→ **Exercise goal**
With the pictures left out, write out exactly the lines of the listing below that run from the line with "Party hat with" through the line with "Two rails and three sashes, opening 33%".

Start of Task material

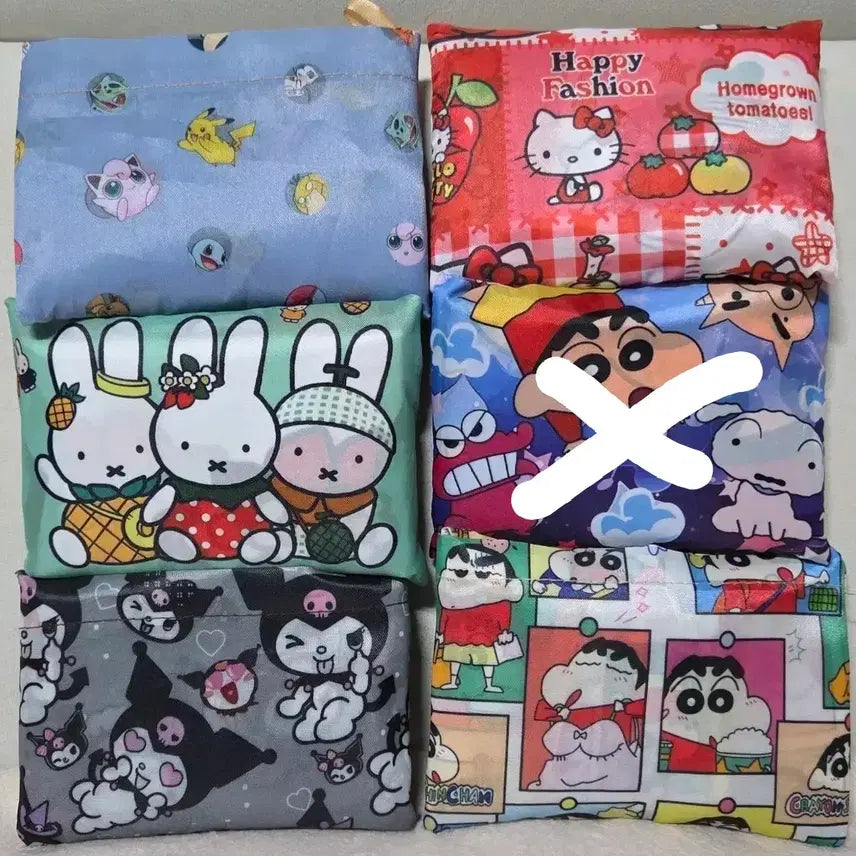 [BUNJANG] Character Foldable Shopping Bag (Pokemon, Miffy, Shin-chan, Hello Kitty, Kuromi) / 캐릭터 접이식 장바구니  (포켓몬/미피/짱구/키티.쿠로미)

End of Task material
Start of Task material

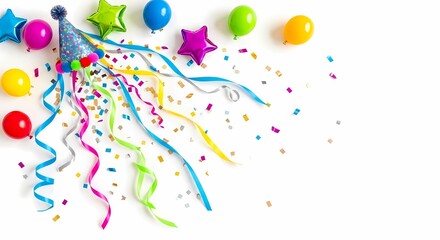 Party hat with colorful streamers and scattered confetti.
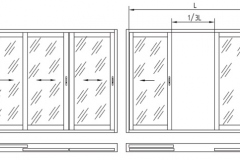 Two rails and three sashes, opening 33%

End of Task material
Start of Task material

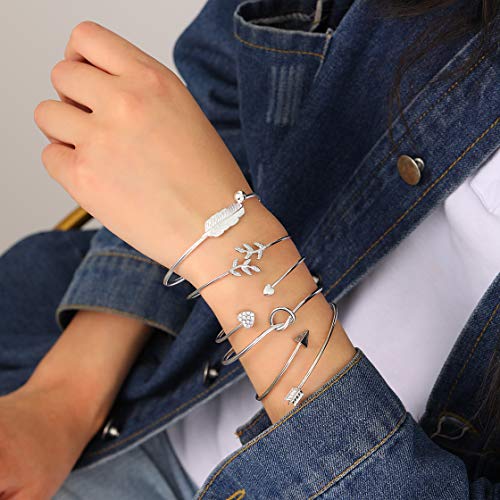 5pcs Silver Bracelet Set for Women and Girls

End of Task material

→ **Result of this task**
 Party hat with colorful streamers and scattered confetti.
 Two rails and three sashes, opening 33%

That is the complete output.